--- Work task ---
Give back exactly the lines from the one that holds "Avis de décès Nadia GRIBEAUVAL" through the final line of the data; omit the pictures and add nothing.

--- Supplied data ---
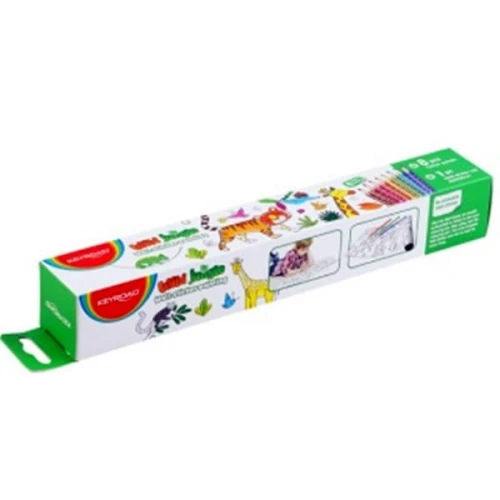 Naklejka na ścianę JUNGLE ANIMAL do kolorowania 206x30 cm + 8 kredek mix kolorów KEYROAD 1szt.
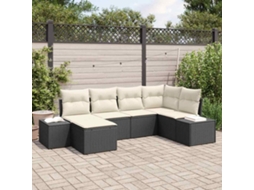 Vidaxl Conjunto De Sofá De Jardim 6 Unid. Preto E Creme Vime Pe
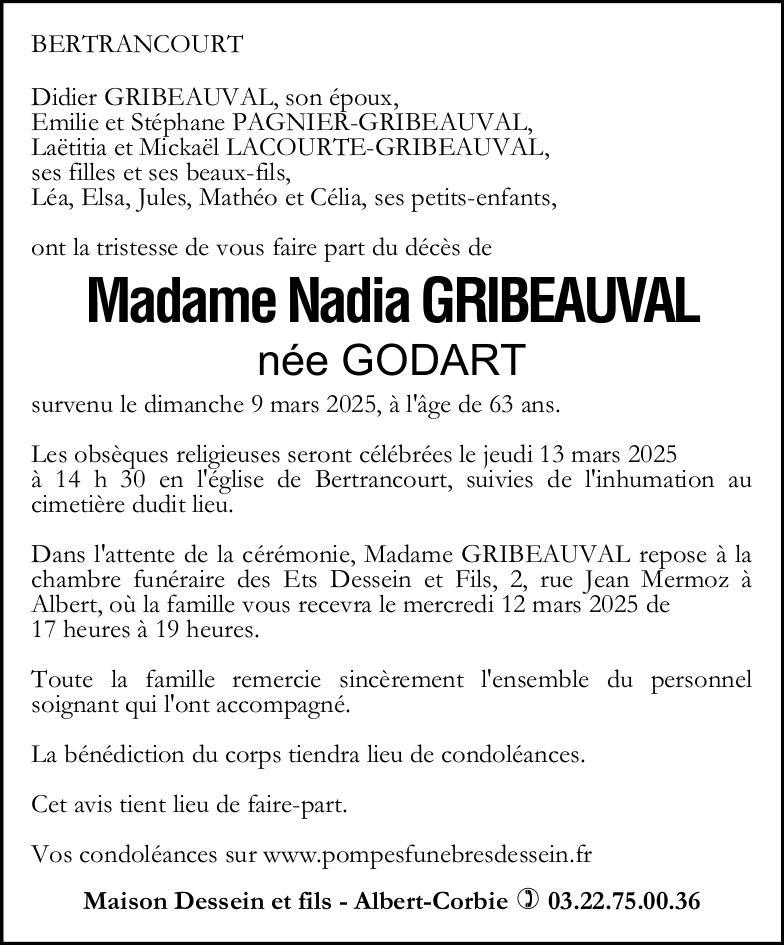 Avis de décès Nadia GRIBEAUVAL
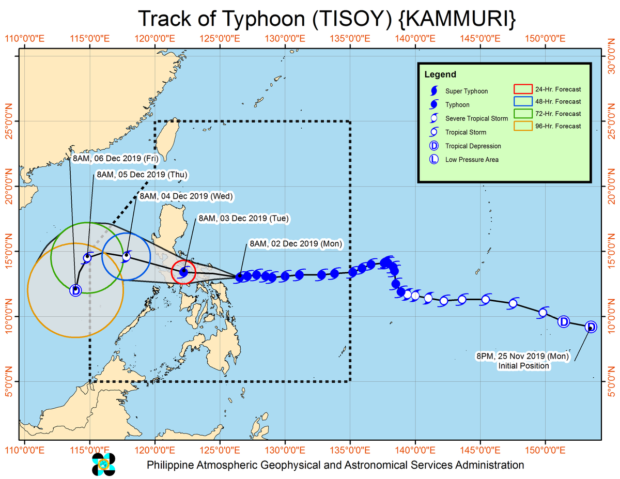 More areas now under Storm Signal No. 3 as Tisoy nears Luzon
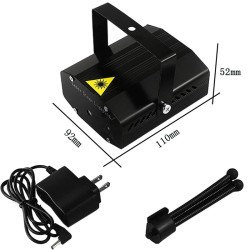 Mini luz de palco a laser - projetor - controle de voz - estroboscópio autopropulsado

--- Exercise answer ---
 Avis de décès Nadia GRIBEAUVAL
 More areas now under Storm Signal No. 3 as Tisoy nears Luzon
 Mini luz de palco a laser - projetor - controle de voz - estroboscópio autopropulsado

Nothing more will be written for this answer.